It’s an undisputed fact that professional mentoring is on the rise. Many people are seeking out mentors, and many experienced businesspeople are looking to be mentors. The benefits of having a career advisor and professional confidante are more appreciated today than ever before. However, some professionals still haven’t realized the benefits and value of mentoring programs.
The Growth of Corporate Mentoring Programs
Many people will not be surprised to learn that corporate mentoring—both formal programs and informal mentoring relationships—has dramatically increased in number over the last few years. Most of these people would likely be surprised at just how dramatic the increase has been. In a survey conducted by the American Society for Training and Development, 75% of business executives stated that professional mentoring had helped them reach the level of their career they had achieved. This number would have been unlikely in decades past.

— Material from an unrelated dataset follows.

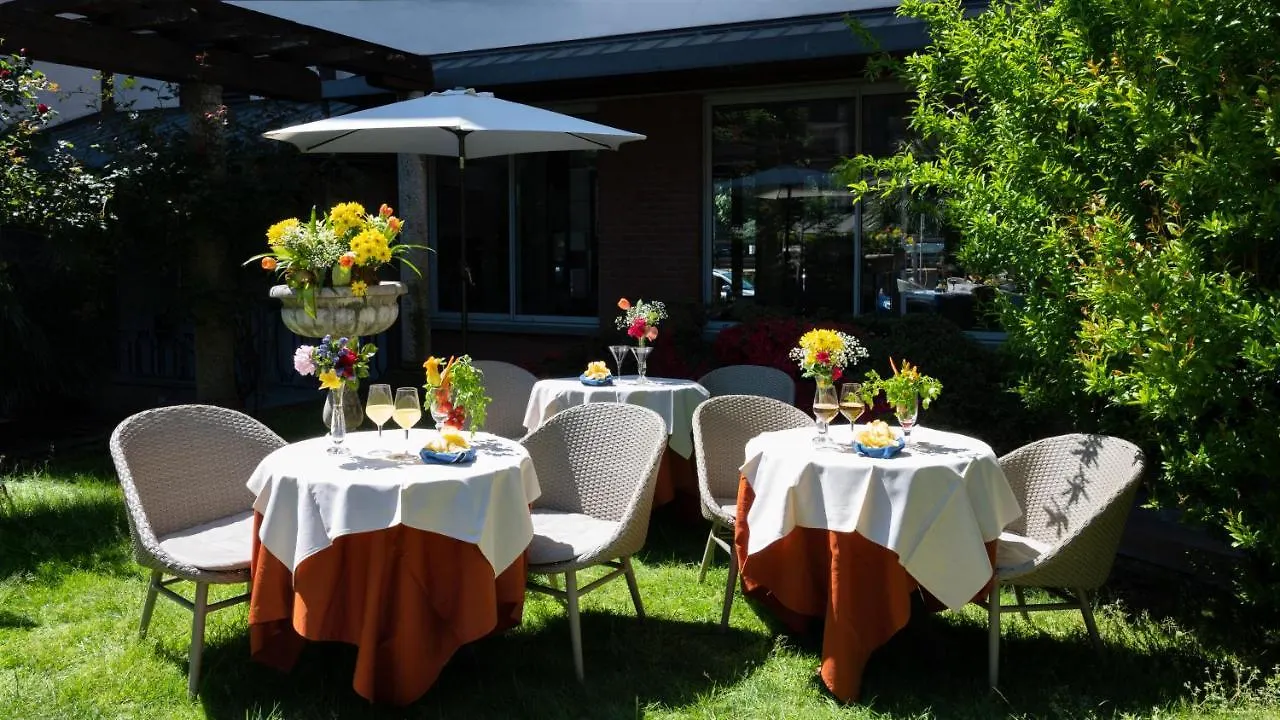Hotel Sunflower Milan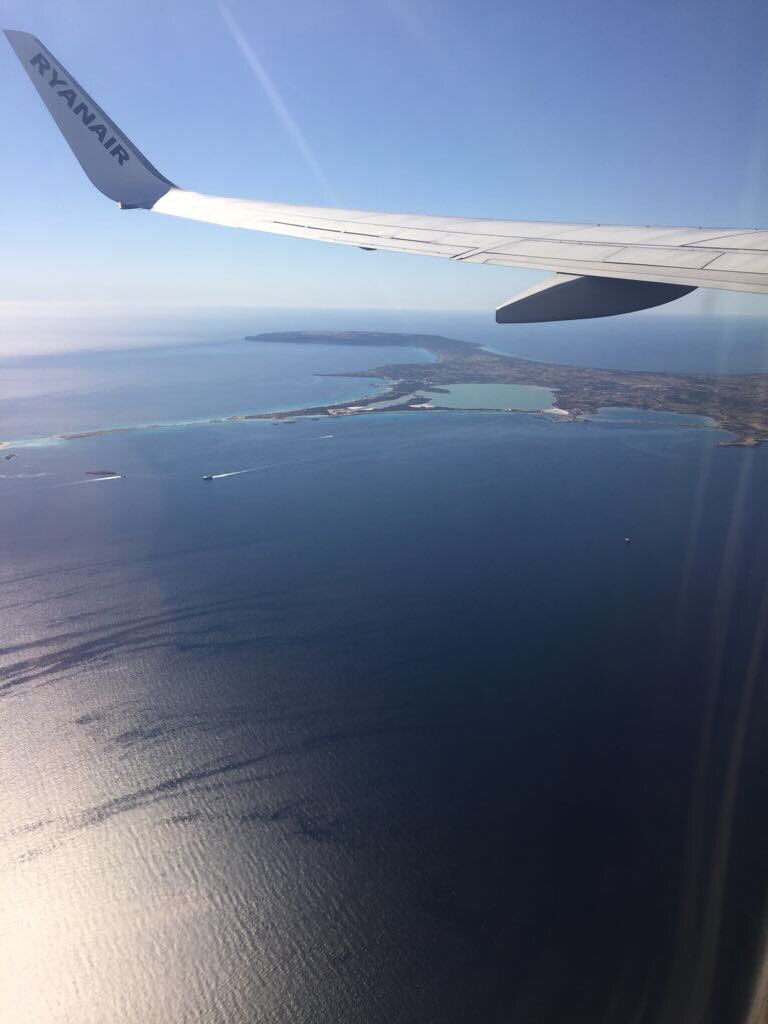 seidiformentera's tweet photo. Si vola #daichemancapoco #seidiformenterasesince2014 📷 @formenteramiamor https://t.co/nf4xxgx1e3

Mentoring Programs in the Nonprofit Sector
Experts do note, however, that nonprofits have lagged behind private sector companies in the implementation of mentoring programs. There are several different reasons that experts and researchers have offered to explain this situation. Some theorize that nonprofits are wary of the potential costs of implementing an organization-wide, comprehensive program. Others explain that corporations implement mentoring programs as a way to improve employee performance and increase revenue, while nonprofits do not have this motivation to boost profits.

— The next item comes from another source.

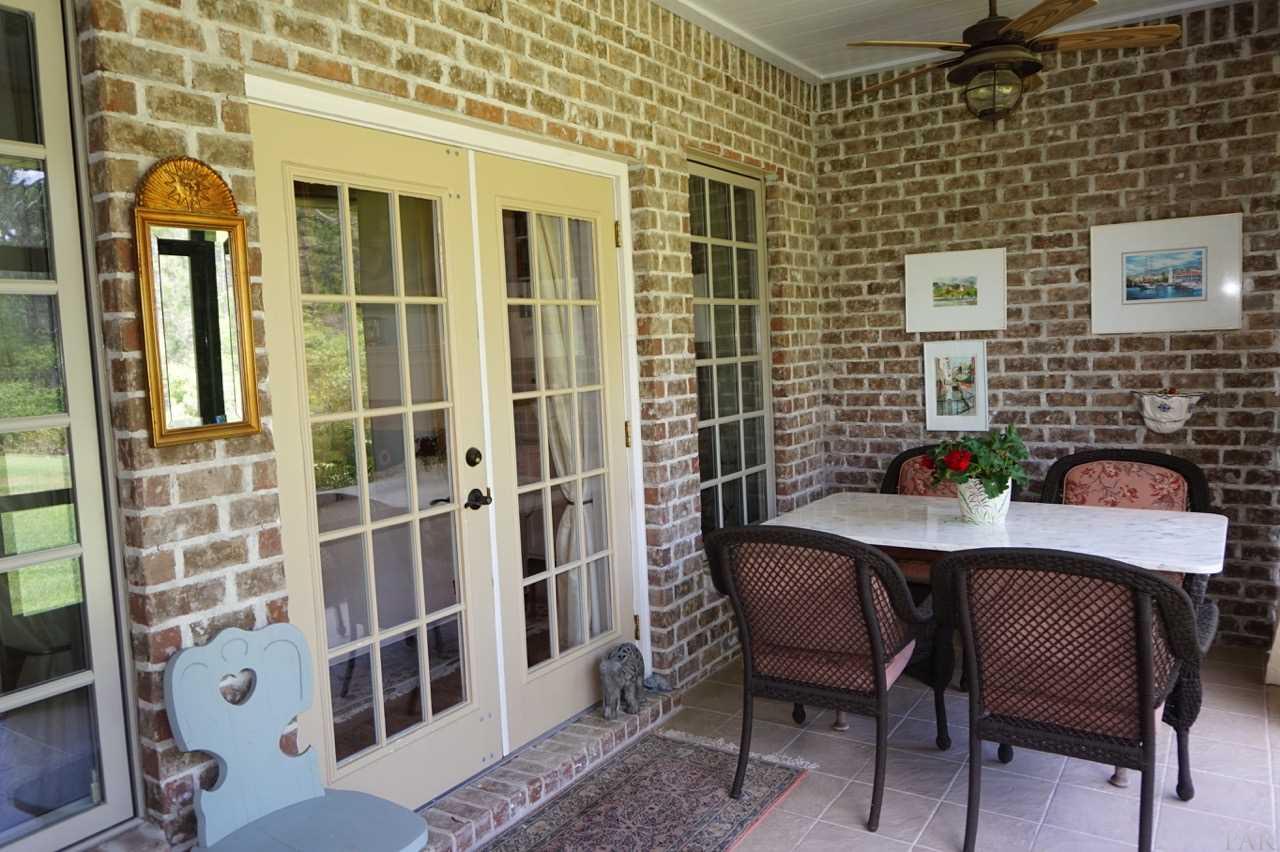 2292 Valley Road Navarre, FL 32566 - Photo 11 of 50 Gallery Image 11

Benefits for the Organization
Whatever the reason for the dearth of mentoring programs in the nonprofit sector, the fact remains that nonprofits and private companies alike can benefit from creating such programs for their employees. Besides increased revenue, these benefits can include greater employee retention; a more positive and productive work environment; and the creation of a valuable base of talented junior employees ready for advancement. In addition, a structured mentoring program can provide a formal way to transfer knowledge and wisdom from long-time employees to new ones, ensuring that the organization retains this valuable intangible resource. A mentoring program can also serve as a way to attract new talent to an organization; it demonstrates that the organization cares about its workforce and recruiters can use it as a selling point.
Benefits for Individuals
For individuals, the positive effects of a well-run mentoring program are many and varied. They include greater networking opportunities, strategic career advice, assistance with specific work projects or obstacles, and character-building opportunities. While obtaining experienced professional advice is one of the most-cited benefits of having a mentor, the networking opportunities inherent in a mentoring relationship are less frequently emphasized. The mentee may have a contact or two that could prove useful for the mentor, but the mentor will almost certainly have many contacts that the mentee can use to his or her advantage, and can make the necessary introductions. Of course, many mentors have built up these contacts over years, and must trust their protégé before sharing them. This trust is exactly what structured mentoring programs are designed to develop. In contrast, professionals in more informal mentoring relationships may be more reluctant to share their contacts.
Matching Mentors with Mentees
Mentoring programs differ widely in various ways, especially regarding how mentors and mentees are paired. Some programs employ a structured system that is used to match mentor and protégé. A few of these systems are even automated software programs. Many programs, however, rely on an administrator to match the mentors and mentees. This person may make their decisions based on matching personal qualities, backgrounds, or career trajectories, or he or she may make matches using more subjective, intuitive criteria.
Many of those looking for mentors and those looking for protégés prefer to have a say in who they enter into a mentoring relationship with. This may mean that mentors and mentees can pick whoever they want, or it may entail a hybrid approach where the program administrator provides each person with a selection that they can choose from. Many find this approach to be the most effective.
It can be difficult for new mentor-mentee partnerships to flourish at first. There are several different strategies that can be used to build rapport. One of the most effective is for the mentor and the mentee to find a project that they are both interested in, and that can help both of them. This shouldn’t be too difficult if the mentor and the mentee are well matched. Finding such a project is easier still if the mentor and the mentee interact in the office on a daily basis. Even if they do, setting aside time for regular meetings is a good strategy.
While working on a project together can help many mentor-mentee pairs form a bond, it is not the right approach—or it may not be possible—for everyone. Some mentees look for an opportunity to help their mentor with his or her work, even if it isn’t directly related to the mentee’s professional duties. This can also go a long way toward building rapport.